(Items from a data source)
== Segment start ==
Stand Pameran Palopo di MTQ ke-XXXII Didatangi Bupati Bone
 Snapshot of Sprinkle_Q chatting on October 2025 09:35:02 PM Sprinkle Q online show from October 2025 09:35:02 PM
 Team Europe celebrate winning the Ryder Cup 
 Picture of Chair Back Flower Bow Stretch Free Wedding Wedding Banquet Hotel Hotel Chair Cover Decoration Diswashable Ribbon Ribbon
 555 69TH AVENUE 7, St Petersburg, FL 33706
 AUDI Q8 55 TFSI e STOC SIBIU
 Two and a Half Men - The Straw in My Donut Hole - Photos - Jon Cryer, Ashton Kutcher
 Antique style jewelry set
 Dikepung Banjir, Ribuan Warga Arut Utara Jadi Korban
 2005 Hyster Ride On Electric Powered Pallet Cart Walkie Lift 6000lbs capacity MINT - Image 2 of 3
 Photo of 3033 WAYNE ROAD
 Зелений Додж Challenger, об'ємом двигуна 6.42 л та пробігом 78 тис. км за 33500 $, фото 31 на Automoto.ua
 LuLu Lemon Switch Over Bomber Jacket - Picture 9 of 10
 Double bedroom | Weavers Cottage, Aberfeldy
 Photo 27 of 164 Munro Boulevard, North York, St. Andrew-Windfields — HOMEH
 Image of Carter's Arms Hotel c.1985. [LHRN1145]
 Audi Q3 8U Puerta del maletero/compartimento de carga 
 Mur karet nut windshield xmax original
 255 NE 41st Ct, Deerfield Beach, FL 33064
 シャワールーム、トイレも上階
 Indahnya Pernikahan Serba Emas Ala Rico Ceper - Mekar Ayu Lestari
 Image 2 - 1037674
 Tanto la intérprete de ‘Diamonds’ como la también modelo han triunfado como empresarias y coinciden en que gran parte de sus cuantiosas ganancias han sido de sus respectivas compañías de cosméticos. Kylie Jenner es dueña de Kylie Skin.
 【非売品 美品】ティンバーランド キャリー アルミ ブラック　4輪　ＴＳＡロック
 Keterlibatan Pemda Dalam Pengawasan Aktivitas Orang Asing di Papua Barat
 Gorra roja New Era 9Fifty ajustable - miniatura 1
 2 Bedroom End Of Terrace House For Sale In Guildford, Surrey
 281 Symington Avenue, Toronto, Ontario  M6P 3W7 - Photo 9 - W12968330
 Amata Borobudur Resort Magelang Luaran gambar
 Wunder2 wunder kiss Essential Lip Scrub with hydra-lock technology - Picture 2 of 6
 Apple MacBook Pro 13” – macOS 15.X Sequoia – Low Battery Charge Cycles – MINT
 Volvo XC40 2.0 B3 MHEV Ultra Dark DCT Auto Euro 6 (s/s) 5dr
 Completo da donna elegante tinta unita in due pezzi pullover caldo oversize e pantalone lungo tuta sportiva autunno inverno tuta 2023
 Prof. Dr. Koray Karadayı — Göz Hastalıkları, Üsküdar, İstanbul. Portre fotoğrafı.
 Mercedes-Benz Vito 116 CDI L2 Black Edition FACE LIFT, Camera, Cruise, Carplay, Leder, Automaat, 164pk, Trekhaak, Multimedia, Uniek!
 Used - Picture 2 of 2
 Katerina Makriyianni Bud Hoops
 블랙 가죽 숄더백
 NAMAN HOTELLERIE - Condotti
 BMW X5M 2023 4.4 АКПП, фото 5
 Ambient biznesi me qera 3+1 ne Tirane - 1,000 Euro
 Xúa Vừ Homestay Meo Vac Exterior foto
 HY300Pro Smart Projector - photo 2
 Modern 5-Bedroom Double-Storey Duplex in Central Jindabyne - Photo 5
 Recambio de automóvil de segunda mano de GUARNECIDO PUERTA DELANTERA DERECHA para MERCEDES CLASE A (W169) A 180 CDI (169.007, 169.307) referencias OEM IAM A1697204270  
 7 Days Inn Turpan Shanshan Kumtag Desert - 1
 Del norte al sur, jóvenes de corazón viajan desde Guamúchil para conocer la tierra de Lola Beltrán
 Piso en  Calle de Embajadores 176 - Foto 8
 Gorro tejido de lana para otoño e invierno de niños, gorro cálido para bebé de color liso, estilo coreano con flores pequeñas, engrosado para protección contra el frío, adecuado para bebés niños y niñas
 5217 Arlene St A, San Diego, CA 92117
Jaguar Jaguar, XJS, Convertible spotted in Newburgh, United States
== Segment end ==
(YOUR INSTRUCTIONS)
Above are some records; copy exactly the lines from the one with "AUDI Q8 55 TFSI e STOC SIBIU" through the one with "Dikepung Banjir, Ribuan", both included, and no others.

(COMPLETED TASK)
 AUDI Q8 55 TFSI e STOC SIBIU
 Two and a Half Men - The Straw in My Donut Hole - Photos - Jon Cryer, Ashton Kutcher
 Antique style jewelry set
 Dikepung Banjir, Ribuan Warga Arut Utara Jadi Korban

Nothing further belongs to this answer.